In this case, the unions had agreed a three-year pay deal with the Fire Authority, which was set out in a collective agreement. The provisions gave two options for an increase in the third year, but did not state which of those options would take precedence, stating only that:
“pay will be increased by 2.5% or by the NJC for Local Government Services settlement plus any uplift required to ensure general pay increases for the period 2007-09 are 1% above the NJC settlements for the same period."
The Court of Appeal (“CA”) held that this was clearly a term which was meant to be incorporated into employment contracts (the existence of the choice didn’t preclude this).

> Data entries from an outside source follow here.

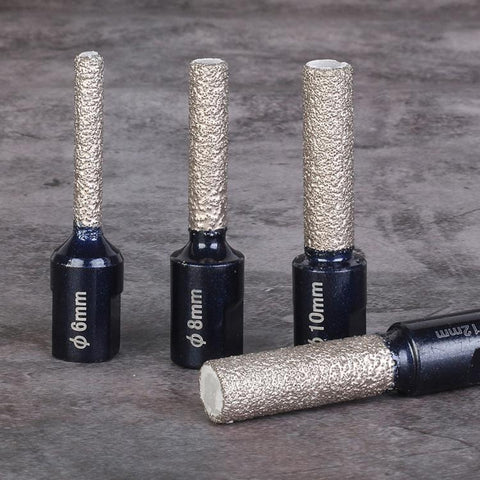 M10 Angle Grinder Hole Saw Glass Stone Hole Enlargement Trimming Head, 6MM, 8MM, 10MM, 12MM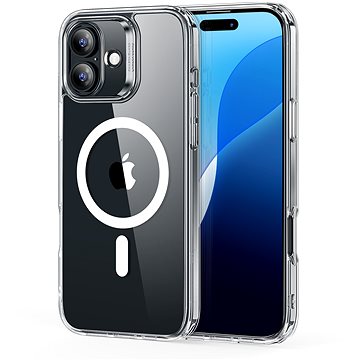 

ESR Classic Hybrid Case (HaloLock), Compatible with iPhone 16 Plus, Clear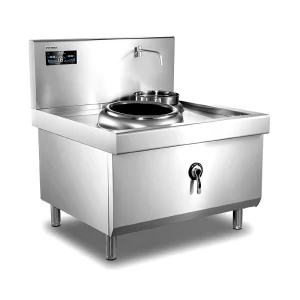 400mm Single Burner with One Basin Induction Wok
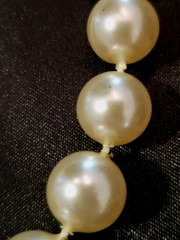 CAROLEE Vintage Earring & Necklace Set, Ivory Faux Pearls, Silver-toned Accents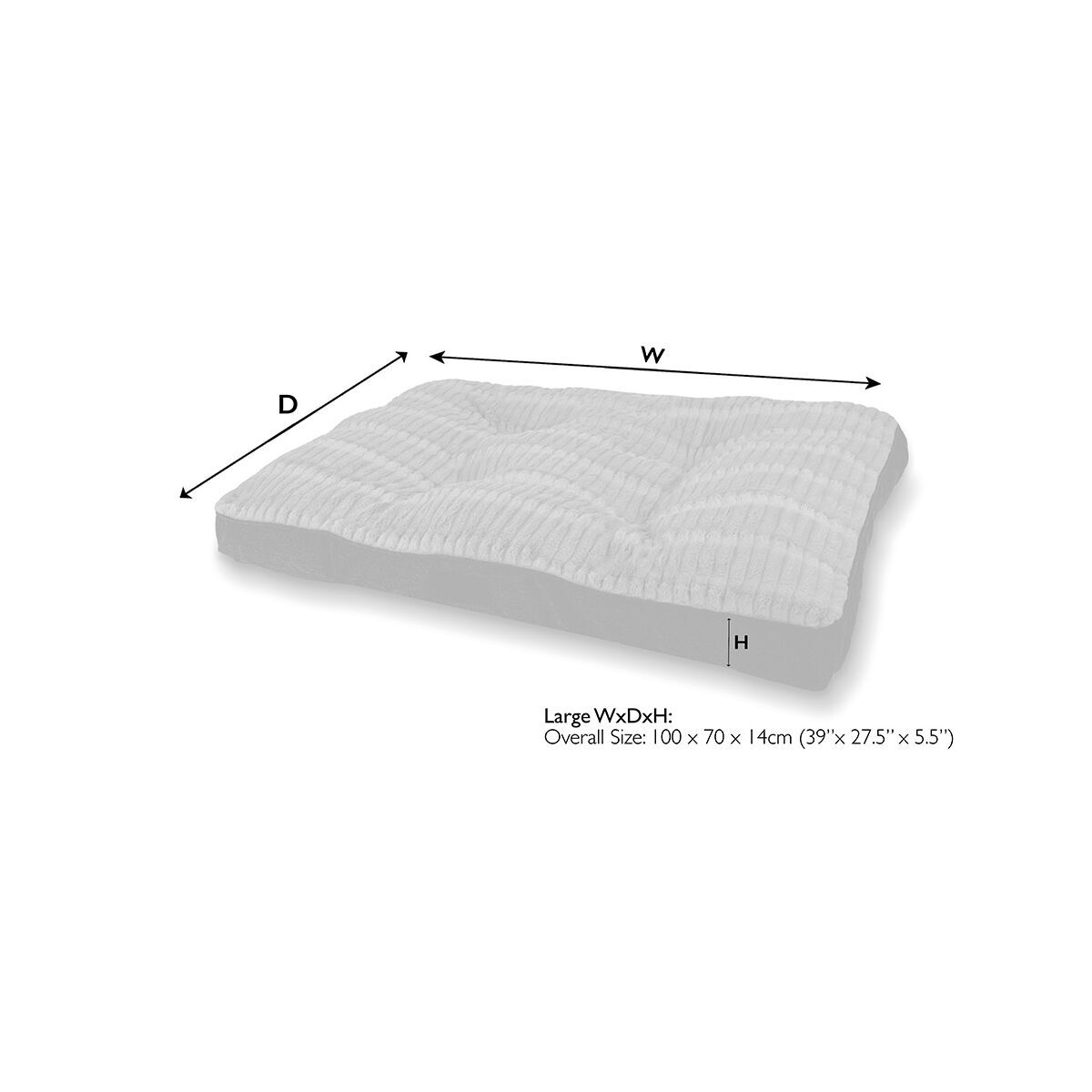 Scruffs Ellen mattress light gray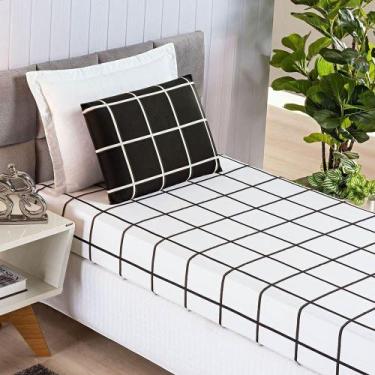 Imagem de Jogo De Cama Lençol Minimalista Solteiro 02 Peças Micropercal 200 Fios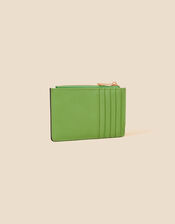 Zip Card Holder, Green (GREEN), large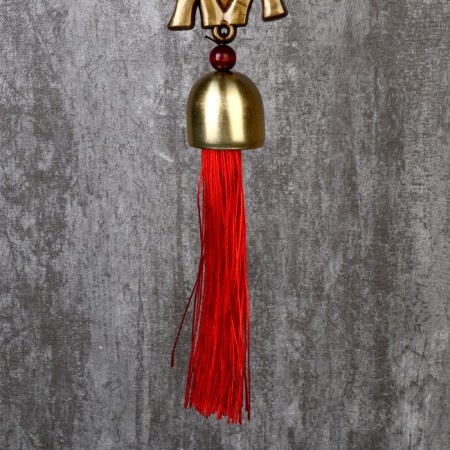 Suspension metal, textiles, plastic "Elephant with a bell" 34 cm-3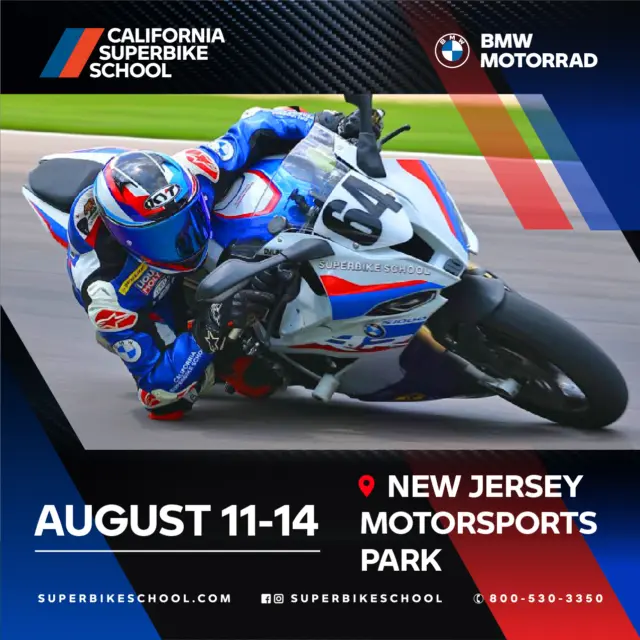 Ready to take your riding skills to the next level with professional riders? Riding a liter bike can be exhilarating and rewarding, but it can also be risky without the right techniques. We're thrilled to announce that CALIFORNIA SUPERBIKE SCHOOL, in partnership with CROSS COUNTRY CYCLE, is coming back to NJ to offer exceptional track performance training courses! You can either ride your own bike or select from their fantastic lineup of 2024 BMW S1000RR motorcycles and learn how to ride like a pro. Plus, we're excited to provide an EXCLUSIVE 10% DISCOUNT just for our customers when you use our CODE. DM us for more information! 🏍️💨 #CaliforniaSuperbikeSchool #CrossCountryCycle #BikeLife #S1000RR #S1K #S1KRR #Superbike #SuperbikeLife #RideLikeAPro #YouGottaLearnFirst #RidingSchool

More significantly, it interpreted the clause by effectively inserting the words “whichever is the greater”. The CA considered that this was the clear intention of the parties and that no other interpretation would make any industrial sense – the unions would not have agreed to an unfettered choice by the employer, and the employer would have known this. The employer’s argument that it could choose which option to rely on was therefore rejected.
Employers should be careful, therefore, to ensure that there is no ambiguity in employment contracts or collective agreements. In the case of dispute, courts will look hard at the parties’ intentions. Clear and careful drafting is therefore essential to avoid such disputes arising, especially for provisions regarding pay increases.